Os escritos de homenagem a investigadores e professores (Luciano Cordeiro, Carolina Michaëlis de Vasconcelos, Luciano Peróira da Silva, Agostinho de Campos, Virgílio Correia, Egas Moniz, Richardo Jorge e Carlos Eugénio Correia da Silva) são, na sua grande maioria, notas e elogios de In memoriam, mas recomendam-se como testemunhos de amor votado por Joaquim de Carvalho a alguns vultos desaparecidos da cultura nacional. Se, por exemplo, a exaltação da grandíssima filó-Ioga Carolina Michaëlis de Vasconcelos é óbvia, a evocação de Carlos Eugénio Correia da Silva é uma página comovente: “Perderam as letras um crítico à maneira de um Sainte-Beuve cristianizado? Perdeu a ciência um sábio capaz de converter a Filologia em amor do logos, de descobrir sob a letra o espírito que a vivifica?   

Perdeu a erudição um humanista da imorredoira estirpe de Quinhentos? Creio que sim; e porque o creio, inclino-me com ânimo respeitoso e dolorido perante a memória da mais promissora mocidade do nosso tempo”.

“Promissora mocidade”: Joaquim de Carvalho não sente apenas a perda do jovem amigo, mas também o vazio que deixa na nossa vida intelectual. E ainda o futuro da Universidade e da cultura portuguesas que, com o desaparecimento do malogrado professor, sofre um duro golpe, o que o mestre de Coimbra, no seu amor da Pátria e da Ciência, profundamente lamenta.

Como não fazer ainda uma leve menção do capítulo 10, que o organizador deste volume intitula “Evocação literária de temas filosóficos”? A meditação breve sobre ciência e sabedoria impõe-se como um intermezzo ou pausa nas atividades científicas e pedagógicas de Joaquim de Carvalho. Solicitado por tantas responsabilidades — professor, diretor dos Acta Universitatis Conimbrigensis, da Revista Filosófica, da coleção filosófica da Atlântida, redator e membro da comissão encarregada pela Academia das Ciências de Lisboa da edição das Obras de Pedro Nunes, investigador infatigável, chefe de uma família numerosa— só de vez em quando lhe era dado, em horas tranquilas, poder dedicar-se à especulação criativa. O seu estilo era menos o de um frio raciocinador sistemático do que o de um filósofo de pensamento normativo, rico de substância humana e ética. Este pendor da sua forma mentis é principalmente visível nas suas dissertações sobre temas universais.

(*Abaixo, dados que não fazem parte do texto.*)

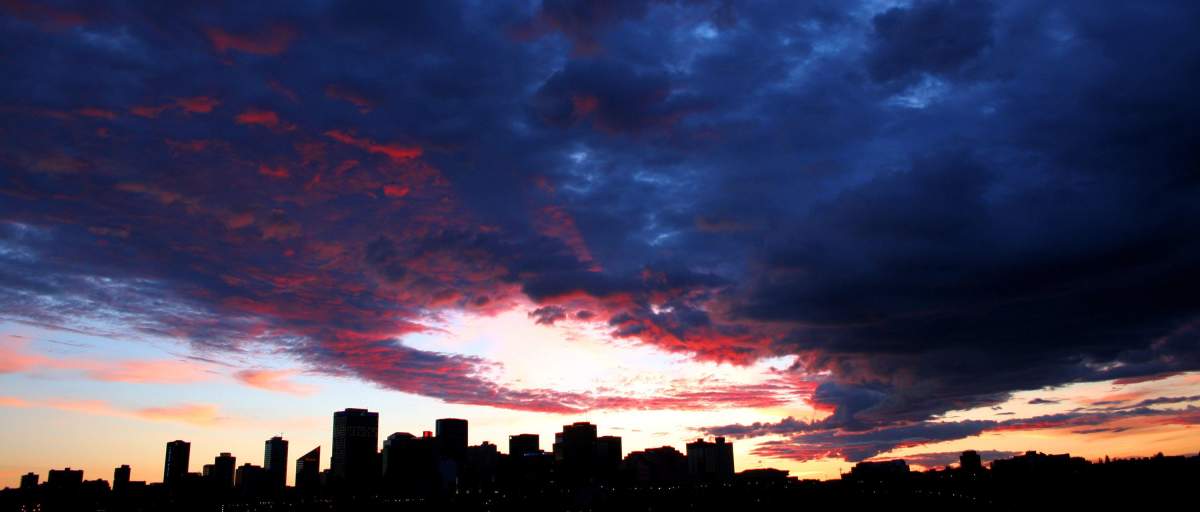 Downtown Edmonton is silhouetted by the setting sun as storm clouds move slowly over the city on a warm Saturday, July 2, 2005 evening.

Era sensível a um ideário incarnado, à criação metafísica não dissociada do contexto histórico, em profunda conexão com o autor e a obra situados no seu terreno circunstancial.

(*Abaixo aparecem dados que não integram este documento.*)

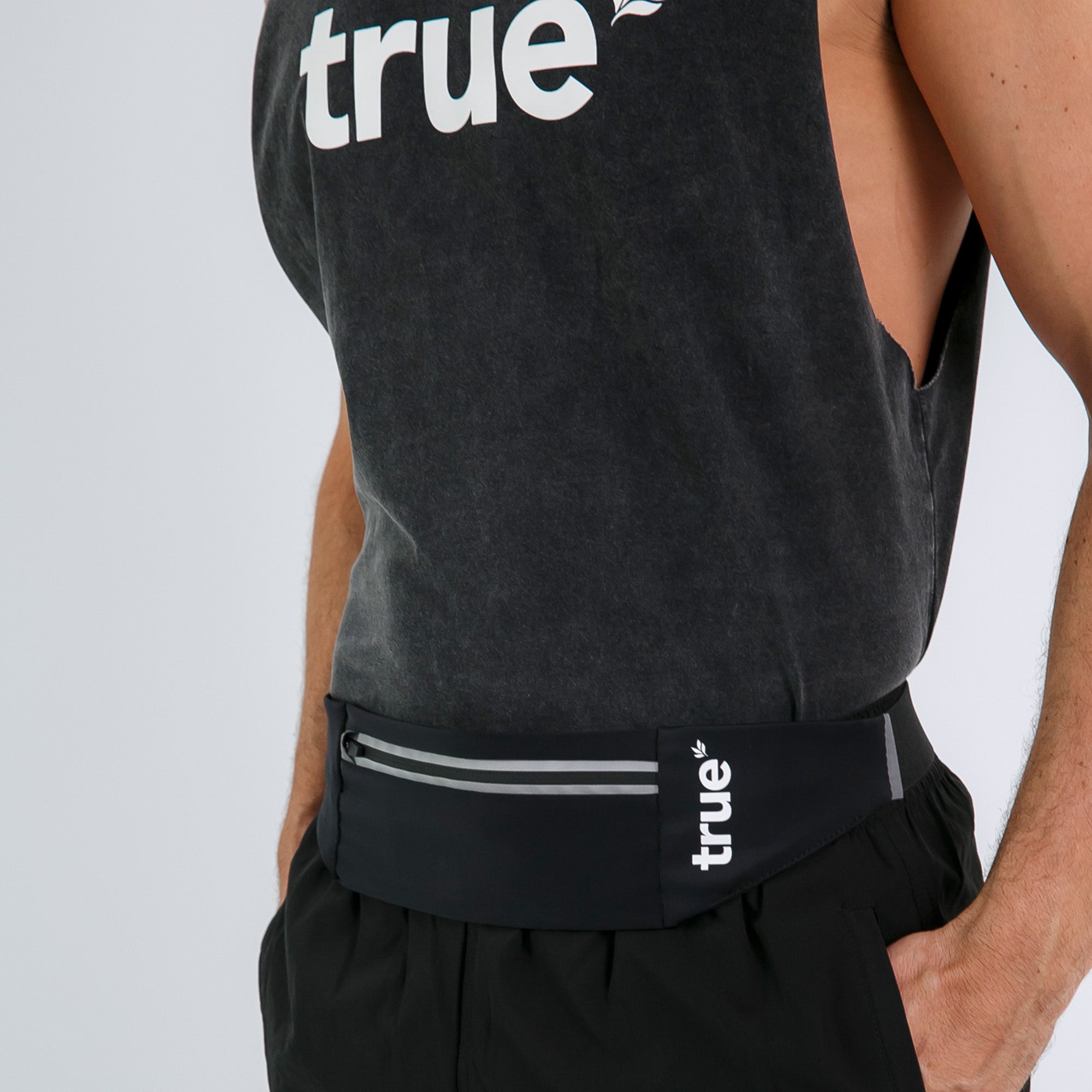 Man wearing black True branded running belt with reflective zipper pocket around waist, shown with black tank top and running shorts — athletic waist pack for hands-free running and travel.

Isto é ainda visível no conjunto de trabalhos e recensões do capítulo 11, “Atividade intelectual no Brasil”, em cuias páginas se reflete a ciência do mestre e a experiência de um espírito cultíssimo, assim como o influxo dos seus interesses mentais mais diretos —veja-se o que escreve acerca do Quod nihil scitur de Francisco Sanches —, sem já mencionar o vibrante patriotismo que não podia deixar de ter um documento valioso na sua particular estima pela realidade cultural do Brasil. O racionalismo e o ceticismo despertaram sempre um interesse muito vivo na reflexão filosófica de Joaquim de Carvalho. Todos os seus estudos ostentam o sinete da sua inteligência indagadora, mas sem que esta se divorcie de uma ciência sólida e da atenção consagrada ao devir histórico que marca todas as atividades intelectuais.